Les tensions actuelles sur les politiques budgétaires en zone euro ne sont absolument pas une surprise. Depuis longtemps, on sait que l’unification monétaire crée à la fois davantage de besoins en matière de stabilisation budgétaire et davantage de risques de dérive : la Banque centrale européenne ne pouvant s’ajuster parfaitement aux besoins des 19 économies de la zone euro, il revient aux gouvernements de compléter son action pour stabiliser l’activité. Mais, à l’inverse, l’augmentation du déficit dans un pays a un impact minime sur les taux d’intérêt, lesquels sont déterminés à Francfort, alors pourquoi se priver ?
Le traité de Maastricht avait essayé d’anticiper ces problèmes. En maintenant leurs finances publiques à l’équilibre en moyenne, les Etats membres auraient largement de quoi réagir aux fluctuations de l’activité : creuser le déficit jusqu’à 3 % du PIB en période de crise et passer en excédent en phase haute lorsque l’économie se rétablit. Hélas, les années récentes ont montré les faiblesses de cette construction. Pis, la BCE s’est avérée incapable d’atteindre son objectif d’une inflation « inférieure à, mais proche de 2 % » sans l’appui des politiques budgétaires nationales.
Les prochains dirigeants des institutions européennes – Parlement, Commission, Conseil, BCE – vont devoir réorganiser la politique macroéconomique dans la zone euro et se montrer créatifs si, par malheur, une nouvelle crise survenait à brève échéance. Or la politique joue contre eux. D’un côté, les pays excédentaires – pays d’épargnants – sont furieux de voir la BCE maintenir des taux d’intérêt très bas, sans comprendre que les taux sont bas justement parce que l’épargne est abondante. De l’autre, les pays déficitaires ne voient pas pourquoi ils réduiraient leurs déficits si les taux d’intérêt restent faibles pour longtemps, et ils ont mieux à faire, compte tenu de leurs niveaux encore élevés de chômage.
Maintien des investissements
Les longues négociations sur la mise en place d’un budget « zone euro » ont accouché d’une souris tellement petite qu’elle ne risque pas de beaucoup perturber les réunions du Conseil européen. Désespérés, les tenants d’une relance par l’investissement en appellent au verdissement de la finance et de la politique monétaire. Cette voie semble cependant peu praticable tant qu’une véritable trajectoire crédible n’est pas mise en place pour le prix du carbone. Sans cela, quel sera le rendement des investissements verts ?
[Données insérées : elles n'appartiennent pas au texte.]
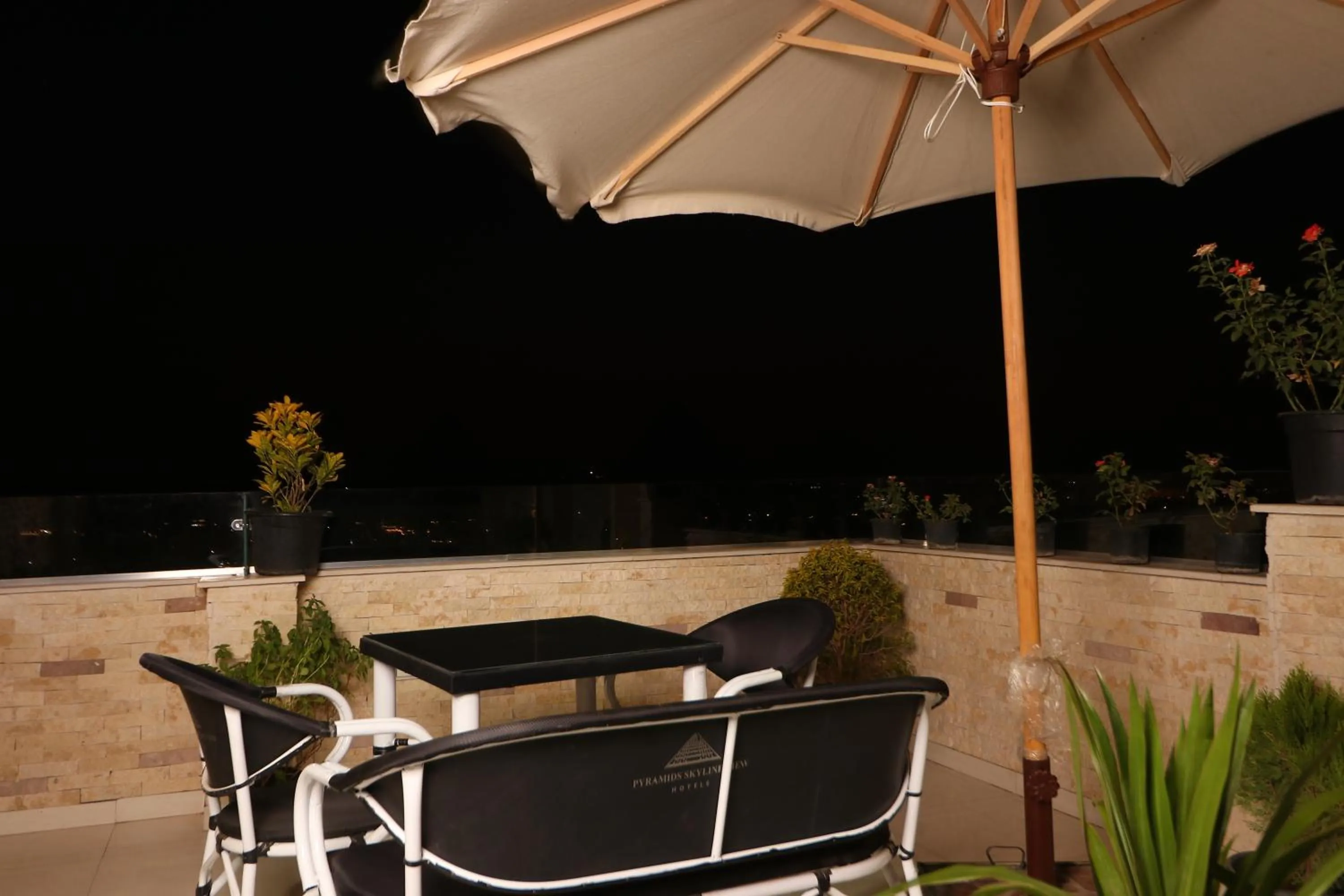 Balcony/Terrace in Pyramids Skyline Hotel Cairo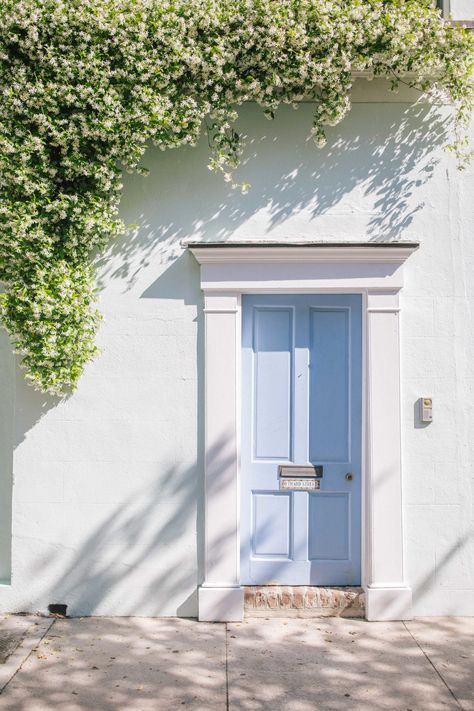 Chiro Office, Weekend Reading, Baby Blue Aesthetic, Light Blue Aesthetic, Blue Aesthetic Pastel, Blue Door, Foto Art, Mail Art, Pastel Aesthetic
La lutte contre le réchauffement climatique peut fournir aux Européens un moyen de sortir de la nasse, à condition toutefois d’avoir le courage d’attribuer un prix croissant aux émissions de gaz à effet de serre, et d’ajuster leurs systèmes d’impôts et transferts afin que la charge ne retombe pas sur les plus modestes. Dans ces conditions, un budget « zone euro » pourrait se justifier pour permettre à chaque Etat membre de maintenir ses investissements même en période de crise, dans le but partagé de réduire les émissions au niveau de la zone euro tout entière.
Une réorganisation de la politique macroéconomique autour de la transition énergétique est possible, mais elle n’est pas sans coût politique : la finance, les banques, la banque centrale ne peuvent se substituer à une vraie décision structurante de la part de nos futurs élus.